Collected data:
++++

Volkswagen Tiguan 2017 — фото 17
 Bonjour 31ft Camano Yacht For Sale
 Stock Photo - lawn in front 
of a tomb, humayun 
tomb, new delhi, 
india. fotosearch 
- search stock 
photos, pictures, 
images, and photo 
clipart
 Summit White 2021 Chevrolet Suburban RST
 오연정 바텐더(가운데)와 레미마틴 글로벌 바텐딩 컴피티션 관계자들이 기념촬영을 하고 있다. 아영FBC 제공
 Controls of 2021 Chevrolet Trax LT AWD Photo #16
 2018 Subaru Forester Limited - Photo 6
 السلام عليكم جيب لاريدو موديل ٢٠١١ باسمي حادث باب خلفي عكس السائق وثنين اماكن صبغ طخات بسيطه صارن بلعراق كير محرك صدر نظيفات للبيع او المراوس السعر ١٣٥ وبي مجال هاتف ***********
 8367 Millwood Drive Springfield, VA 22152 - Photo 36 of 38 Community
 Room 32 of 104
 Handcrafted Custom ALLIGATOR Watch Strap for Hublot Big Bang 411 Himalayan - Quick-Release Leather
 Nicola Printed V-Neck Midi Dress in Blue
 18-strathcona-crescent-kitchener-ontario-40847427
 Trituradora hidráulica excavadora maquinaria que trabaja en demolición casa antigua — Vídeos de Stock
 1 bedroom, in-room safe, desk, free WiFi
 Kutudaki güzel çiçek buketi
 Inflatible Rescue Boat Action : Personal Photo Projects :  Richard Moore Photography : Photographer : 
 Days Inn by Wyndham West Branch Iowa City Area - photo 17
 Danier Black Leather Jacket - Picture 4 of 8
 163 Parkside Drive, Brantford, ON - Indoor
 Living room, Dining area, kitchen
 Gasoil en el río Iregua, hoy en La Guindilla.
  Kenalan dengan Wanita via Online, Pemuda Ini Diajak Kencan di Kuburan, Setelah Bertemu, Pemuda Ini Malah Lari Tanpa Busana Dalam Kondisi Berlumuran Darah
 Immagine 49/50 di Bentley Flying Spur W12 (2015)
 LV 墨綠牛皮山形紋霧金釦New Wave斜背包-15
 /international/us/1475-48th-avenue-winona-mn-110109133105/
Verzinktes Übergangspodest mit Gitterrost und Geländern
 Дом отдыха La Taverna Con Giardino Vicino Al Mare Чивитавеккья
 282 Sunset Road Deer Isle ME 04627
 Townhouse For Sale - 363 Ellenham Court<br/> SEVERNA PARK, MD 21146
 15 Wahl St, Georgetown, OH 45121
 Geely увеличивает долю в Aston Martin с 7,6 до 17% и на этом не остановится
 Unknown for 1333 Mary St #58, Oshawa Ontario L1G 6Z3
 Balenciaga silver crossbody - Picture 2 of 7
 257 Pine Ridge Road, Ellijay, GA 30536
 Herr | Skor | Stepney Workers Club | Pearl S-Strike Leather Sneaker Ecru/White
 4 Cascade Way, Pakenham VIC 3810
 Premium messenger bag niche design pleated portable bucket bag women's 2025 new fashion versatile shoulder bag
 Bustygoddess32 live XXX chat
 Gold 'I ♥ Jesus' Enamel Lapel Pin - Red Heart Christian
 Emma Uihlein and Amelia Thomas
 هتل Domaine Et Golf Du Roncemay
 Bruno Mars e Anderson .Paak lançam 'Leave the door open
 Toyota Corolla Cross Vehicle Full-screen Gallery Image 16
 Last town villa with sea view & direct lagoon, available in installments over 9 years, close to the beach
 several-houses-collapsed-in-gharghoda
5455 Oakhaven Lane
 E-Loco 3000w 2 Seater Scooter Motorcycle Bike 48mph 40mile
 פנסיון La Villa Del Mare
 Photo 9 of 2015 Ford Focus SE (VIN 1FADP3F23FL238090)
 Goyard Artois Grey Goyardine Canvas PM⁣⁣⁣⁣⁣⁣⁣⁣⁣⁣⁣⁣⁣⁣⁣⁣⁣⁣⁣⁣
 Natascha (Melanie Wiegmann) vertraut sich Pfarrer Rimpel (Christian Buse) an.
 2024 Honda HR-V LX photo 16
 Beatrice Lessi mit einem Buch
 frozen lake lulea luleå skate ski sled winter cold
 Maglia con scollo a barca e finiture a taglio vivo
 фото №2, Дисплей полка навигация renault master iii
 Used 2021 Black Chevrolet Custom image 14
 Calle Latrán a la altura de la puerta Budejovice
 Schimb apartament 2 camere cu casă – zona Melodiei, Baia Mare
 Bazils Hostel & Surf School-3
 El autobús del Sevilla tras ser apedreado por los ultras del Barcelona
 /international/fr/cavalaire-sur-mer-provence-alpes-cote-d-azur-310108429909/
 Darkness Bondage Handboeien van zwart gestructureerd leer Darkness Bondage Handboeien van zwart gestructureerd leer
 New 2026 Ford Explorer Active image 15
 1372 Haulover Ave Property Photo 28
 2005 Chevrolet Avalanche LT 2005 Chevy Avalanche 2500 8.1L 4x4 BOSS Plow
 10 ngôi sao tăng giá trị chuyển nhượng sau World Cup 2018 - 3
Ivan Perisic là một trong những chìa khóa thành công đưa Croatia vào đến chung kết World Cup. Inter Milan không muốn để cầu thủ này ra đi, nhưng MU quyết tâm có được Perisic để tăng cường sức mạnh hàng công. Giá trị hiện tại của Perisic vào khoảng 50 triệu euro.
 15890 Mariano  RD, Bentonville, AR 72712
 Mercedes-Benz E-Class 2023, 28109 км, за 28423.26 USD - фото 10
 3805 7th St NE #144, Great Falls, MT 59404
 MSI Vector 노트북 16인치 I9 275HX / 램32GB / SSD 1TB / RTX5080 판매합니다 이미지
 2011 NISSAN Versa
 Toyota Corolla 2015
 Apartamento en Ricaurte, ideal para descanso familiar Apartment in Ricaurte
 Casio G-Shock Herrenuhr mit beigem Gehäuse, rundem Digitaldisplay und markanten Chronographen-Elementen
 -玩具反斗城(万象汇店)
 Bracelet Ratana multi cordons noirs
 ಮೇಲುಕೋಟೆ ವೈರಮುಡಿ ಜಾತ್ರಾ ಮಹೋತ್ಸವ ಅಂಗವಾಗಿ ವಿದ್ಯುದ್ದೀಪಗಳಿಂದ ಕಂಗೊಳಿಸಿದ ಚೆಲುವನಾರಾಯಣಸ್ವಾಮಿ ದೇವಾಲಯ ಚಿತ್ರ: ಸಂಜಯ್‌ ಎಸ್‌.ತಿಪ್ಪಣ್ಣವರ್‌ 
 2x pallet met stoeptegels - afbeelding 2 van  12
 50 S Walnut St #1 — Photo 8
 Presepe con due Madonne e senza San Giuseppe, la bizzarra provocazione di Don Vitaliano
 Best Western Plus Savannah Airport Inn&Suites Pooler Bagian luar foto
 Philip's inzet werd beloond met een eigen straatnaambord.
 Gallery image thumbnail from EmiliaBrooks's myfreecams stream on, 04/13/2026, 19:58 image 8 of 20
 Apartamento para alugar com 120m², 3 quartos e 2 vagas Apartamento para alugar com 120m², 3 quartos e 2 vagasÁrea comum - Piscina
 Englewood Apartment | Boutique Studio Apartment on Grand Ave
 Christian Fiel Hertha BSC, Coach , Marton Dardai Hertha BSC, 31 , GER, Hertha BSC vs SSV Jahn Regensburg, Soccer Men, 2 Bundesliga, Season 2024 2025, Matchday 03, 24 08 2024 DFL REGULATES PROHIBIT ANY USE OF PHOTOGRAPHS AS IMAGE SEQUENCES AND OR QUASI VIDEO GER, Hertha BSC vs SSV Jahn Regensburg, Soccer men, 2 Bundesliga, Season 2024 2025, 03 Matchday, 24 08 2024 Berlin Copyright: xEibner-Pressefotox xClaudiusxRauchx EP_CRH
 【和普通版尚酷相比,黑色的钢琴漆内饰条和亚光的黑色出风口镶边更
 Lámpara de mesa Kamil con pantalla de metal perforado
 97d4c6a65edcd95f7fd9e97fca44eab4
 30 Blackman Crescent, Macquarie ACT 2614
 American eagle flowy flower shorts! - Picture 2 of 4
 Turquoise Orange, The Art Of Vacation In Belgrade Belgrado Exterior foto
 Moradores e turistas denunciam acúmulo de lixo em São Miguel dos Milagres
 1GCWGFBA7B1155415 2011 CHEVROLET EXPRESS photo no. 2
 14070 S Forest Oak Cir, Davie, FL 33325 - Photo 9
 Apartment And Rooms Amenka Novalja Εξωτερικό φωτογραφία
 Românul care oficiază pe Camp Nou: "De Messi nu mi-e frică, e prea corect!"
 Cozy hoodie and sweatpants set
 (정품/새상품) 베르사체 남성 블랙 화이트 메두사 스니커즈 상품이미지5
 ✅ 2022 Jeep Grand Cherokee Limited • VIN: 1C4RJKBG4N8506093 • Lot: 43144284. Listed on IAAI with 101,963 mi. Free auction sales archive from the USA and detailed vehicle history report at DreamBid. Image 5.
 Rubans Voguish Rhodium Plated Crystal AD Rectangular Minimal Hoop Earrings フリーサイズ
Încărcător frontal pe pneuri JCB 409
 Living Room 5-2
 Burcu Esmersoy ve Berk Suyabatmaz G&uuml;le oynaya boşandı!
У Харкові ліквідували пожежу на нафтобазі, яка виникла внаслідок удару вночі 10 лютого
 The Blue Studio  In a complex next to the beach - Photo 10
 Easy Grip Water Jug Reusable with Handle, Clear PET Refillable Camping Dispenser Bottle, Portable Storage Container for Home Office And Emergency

++++

WHAT TO PRODUCE:
An exact copy of the lines above, from the one containing "фото №2, Дисплей" through the one containing "Bazils Hostel & Surf School-3", is the whole of the answer.

ANSWER:
 фото №2, Дисплей полка навигация renault master iii
 Used 2021 Black Chevrolet Custom image 14
 Calle Latrán a la altura de la puerta Budejovice
 Schimb apartament 2 camere cu casă – zona Melodiei, Baia Mare
 Bazils Hostel & Surf School-3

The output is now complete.